Dappled sunlight on a site near Duke Forest in Durham, North Carolina determined the new home's orientation. A couple’s opposite sleep patterns drove its layout. And a long-gone pet cat inspired its name.
The firm that designed it, Raleigh-based In Situ Studio, was just 18 months old when the clients reached out to partners Matthew Griffith and Erin Sterling Lewis in 2012.
Their first order of business was a tour of the site. “It was a 10-acre property with an old roadbed that followed the topography,” says Griffith. “As we moved east along the site, we had a kind of ‘Aha!’ moment.”
A stream wanders through its northern edge, woods alongside it. “We could see into the forest, and where the stream moves off to the east, there’s a clearing where we could see sunlight coming through the trees,” he says.
The architects hadn't yet been hired at that point, but they developed a site plan, with drawings and a model. That helped win the commission for the 2,500-square-foot project. The firm worked with nBaxter Design on the interiors, and L. E. Meyers Builders helped with construction.
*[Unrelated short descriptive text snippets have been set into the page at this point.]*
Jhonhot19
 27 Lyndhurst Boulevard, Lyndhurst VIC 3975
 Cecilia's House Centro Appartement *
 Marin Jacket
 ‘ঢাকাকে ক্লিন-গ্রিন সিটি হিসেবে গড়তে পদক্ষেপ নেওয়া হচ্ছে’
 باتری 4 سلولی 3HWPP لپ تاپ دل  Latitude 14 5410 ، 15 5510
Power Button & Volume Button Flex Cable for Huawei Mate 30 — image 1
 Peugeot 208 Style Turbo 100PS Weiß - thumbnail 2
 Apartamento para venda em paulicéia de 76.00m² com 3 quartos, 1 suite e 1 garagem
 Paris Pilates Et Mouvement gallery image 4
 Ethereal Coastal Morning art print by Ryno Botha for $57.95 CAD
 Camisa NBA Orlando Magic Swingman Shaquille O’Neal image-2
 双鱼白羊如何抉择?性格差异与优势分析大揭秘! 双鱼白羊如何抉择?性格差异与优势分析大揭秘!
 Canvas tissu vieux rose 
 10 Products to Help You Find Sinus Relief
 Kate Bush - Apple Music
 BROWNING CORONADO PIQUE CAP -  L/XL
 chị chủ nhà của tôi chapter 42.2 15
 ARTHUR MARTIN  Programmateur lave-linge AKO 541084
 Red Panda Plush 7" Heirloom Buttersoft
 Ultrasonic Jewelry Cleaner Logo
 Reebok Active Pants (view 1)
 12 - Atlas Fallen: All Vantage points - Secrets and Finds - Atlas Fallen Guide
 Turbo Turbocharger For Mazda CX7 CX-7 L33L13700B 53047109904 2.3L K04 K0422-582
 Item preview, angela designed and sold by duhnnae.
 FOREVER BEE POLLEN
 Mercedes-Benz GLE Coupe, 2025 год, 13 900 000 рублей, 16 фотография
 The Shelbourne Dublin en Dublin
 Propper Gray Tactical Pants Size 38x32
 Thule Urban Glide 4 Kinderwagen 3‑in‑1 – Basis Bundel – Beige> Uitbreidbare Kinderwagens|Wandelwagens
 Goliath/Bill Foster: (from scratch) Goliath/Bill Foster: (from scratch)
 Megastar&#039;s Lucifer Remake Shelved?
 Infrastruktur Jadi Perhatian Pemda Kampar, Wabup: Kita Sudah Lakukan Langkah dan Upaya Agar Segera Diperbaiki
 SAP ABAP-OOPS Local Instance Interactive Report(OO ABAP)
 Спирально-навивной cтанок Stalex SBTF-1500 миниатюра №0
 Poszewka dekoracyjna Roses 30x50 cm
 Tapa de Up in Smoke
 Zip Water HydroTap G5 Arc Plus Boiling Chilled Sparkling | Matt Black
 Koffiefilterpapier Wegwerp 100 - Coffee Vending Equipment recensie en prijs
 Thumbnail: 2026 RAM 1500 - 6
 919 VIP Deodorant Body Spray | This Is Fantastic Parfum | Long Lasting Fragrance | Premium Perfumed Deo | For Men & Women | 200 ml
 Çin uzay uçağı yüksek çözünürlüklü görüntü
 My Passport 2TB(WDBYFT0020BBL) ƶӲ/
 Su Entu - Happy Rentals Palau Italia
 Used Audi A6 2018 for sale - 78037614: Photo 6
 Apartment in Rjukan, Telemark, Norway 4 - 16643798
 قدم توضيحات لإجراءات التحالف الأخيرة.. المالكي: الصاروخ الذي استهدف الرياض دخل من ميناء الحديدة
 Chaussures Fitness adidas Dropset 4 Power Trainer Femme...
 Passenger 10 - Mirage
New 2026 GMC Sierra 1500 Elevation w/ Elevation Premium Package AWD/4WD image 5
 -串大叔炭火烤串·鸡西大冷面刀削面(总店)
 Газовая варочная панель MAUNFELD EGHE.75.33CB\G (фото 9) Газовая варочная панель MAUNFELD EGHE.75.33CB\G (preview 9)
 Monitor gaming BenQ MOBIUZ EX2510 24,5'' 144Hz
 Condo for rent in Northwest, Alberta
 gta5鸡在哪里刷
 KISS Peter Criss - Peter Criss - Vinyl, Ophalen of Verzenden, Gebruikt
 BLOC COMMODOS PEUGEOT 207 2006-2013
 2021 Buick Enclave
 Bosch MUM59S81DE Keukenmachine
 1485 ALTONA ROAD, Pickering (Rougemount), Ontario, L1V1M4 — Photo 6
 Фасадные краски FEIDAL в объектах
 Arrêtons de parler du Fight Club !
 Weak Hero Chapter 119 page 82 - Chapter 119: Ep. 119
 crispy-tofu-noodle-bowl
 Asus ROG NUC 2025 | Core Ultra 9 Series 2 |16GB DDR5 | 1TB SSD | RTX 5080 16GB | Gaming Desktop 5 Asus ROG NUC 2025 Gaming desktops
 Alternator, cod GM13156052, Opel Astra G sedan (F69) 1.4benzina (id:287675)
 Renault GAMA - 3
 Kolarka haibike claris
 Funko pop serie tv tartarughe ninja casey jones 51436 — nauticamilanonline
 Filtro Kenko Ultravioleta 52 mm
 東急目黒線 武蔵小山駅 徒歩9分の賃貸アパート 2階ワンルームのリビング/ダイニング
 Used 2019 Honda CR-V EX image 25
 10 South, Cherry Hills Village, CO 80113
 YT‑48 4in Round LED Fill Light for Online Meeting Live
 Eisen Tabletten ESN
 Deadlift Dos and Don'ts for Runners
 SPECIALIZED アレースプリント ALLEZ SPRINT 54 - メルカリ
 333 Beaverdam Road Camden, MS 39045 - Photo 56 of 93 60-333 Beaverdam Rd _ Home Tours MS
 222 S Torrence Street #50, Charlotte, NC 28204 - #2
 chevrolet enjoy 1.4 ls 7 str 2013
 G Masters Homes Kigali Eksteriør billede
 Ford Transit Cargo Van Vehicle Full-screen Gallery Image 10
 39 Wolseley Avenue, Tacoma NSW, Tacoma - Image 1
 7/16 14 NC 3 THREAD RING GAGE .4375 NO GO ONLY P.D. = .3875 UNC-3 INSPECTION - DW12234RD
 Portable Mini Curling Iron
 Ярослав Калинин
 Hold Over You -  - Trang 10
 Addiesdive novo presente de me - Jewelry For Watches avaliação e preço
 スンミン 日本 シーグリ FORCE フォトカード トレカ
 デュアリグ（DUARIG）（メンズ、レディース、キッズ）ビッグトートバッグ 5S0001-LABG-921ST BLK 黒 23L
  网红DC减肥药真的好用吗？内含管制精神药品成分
They sited it for maximum privacy on the edge of the forest, with living and deck spaces opening up to the trees. “It’s carefully nestled into the woods to capture the views, both near and far, that are important to both the site and the clients,” he says.
They’re a couple who retired to Carolina from the San Francisco Bay area, and they were articulate in communicating their daily routines to the architects. One’s a night owl who sleeps mostly during the day, while the other’s an early riser who likes to wake up to the site's sweeping vistas.
Griffith and Lewis tailored living spaces to the needs of each. “She can walk out of their bedroom to her window seat, her books and her coffee maker, first thing in morning,” he says. “He prefers to stay up late. When he’s awake, he’s involved in graphic design, woodworking, and music, so the space is specific to him – there’s soundproofing and lighting control.”
Fifteen years ago, the couple owned a much-loved cat named Fred. “It was a long journey to design the house, but before they even began, they knew it would be named Fred,” he says. Nine lives or not, his spirit lives on.